Easy & Printable Guide for substituting eggs in your favorite recipes.
Flax or Chia Egg
- Combine 1 TB flax meal or ground chia seed + 3 TB water
- Mix well and let sit until thickened and slight gel like consistency.
Ener-G Egg Replacer
- Combine 1.5 packed tsp. Ener-G Egg Replacer plus 2 TB. warm water in a bowl.
- Mix thoroughly before adding to the recipe.
Bob’s Red Mill Egg Replacer
Equals 1 “Egg”
- Combine 1 TB. Egg Replacer with 2 TB. water.
- Mix well and let sit for 1 minute to thicken.
Please note: this Egg Replacer cannot substitute for whipped egg whites, such as in a meringue or angel food cake.
Equals ONE “Egg”
- Combine 2 Level (unpacked) TB. VEGAN EGG with 1/2 C. Ice Cold Water
- WHISK Vigorously
EQUALS ONE “egg”
- Combine 2 TB. Water, 1 TB. Neat Egg Mix in a bowl.
- Mix well!
- Note: use where egg is binder, not as a stand alone egg
Aquafaba Egg- 1 whole egg = 3 TB. aquafaba OR 1 egg white = 2 TB. aquafaba
- First, drain and reserve the liquid from a can of chickpeas. Save the chickpeas for another use.
- Transfer the liquid to the bowl of a stand mixer or a large metal bowl if using a hand mixer.
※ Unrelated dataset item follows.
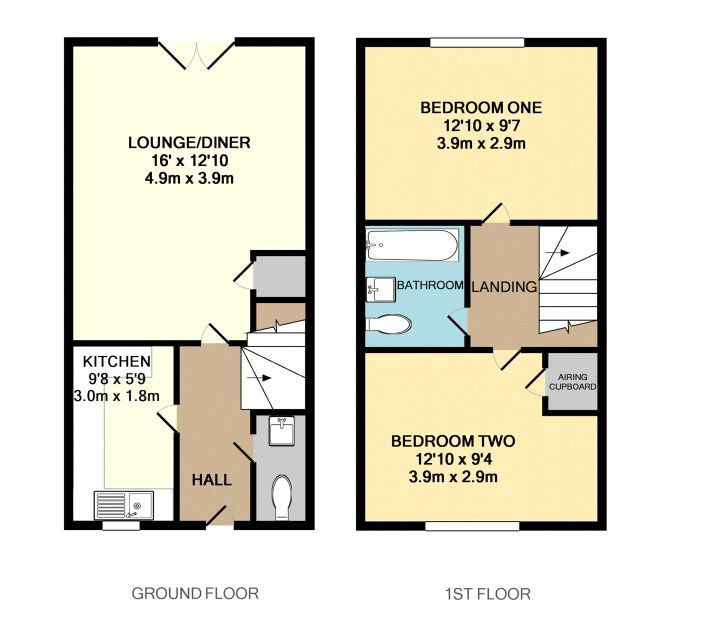 2 Bedrooms Terraced house for sale in Summerson Close, Rochester, Kent ME1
If you’re using the aquafaba as a binder, you will have to lightly whip the liquid until foamy — not whipped.
- As a meringue, to make marshmallow-style sauce, or to make marshmallows, you’ll need to whip it between 10 to 15 minutes.
Note: Aquafaba should ideally be the same consistency of egg whites to function properly.
Above formula’s are for 1 EGG. Double if needed.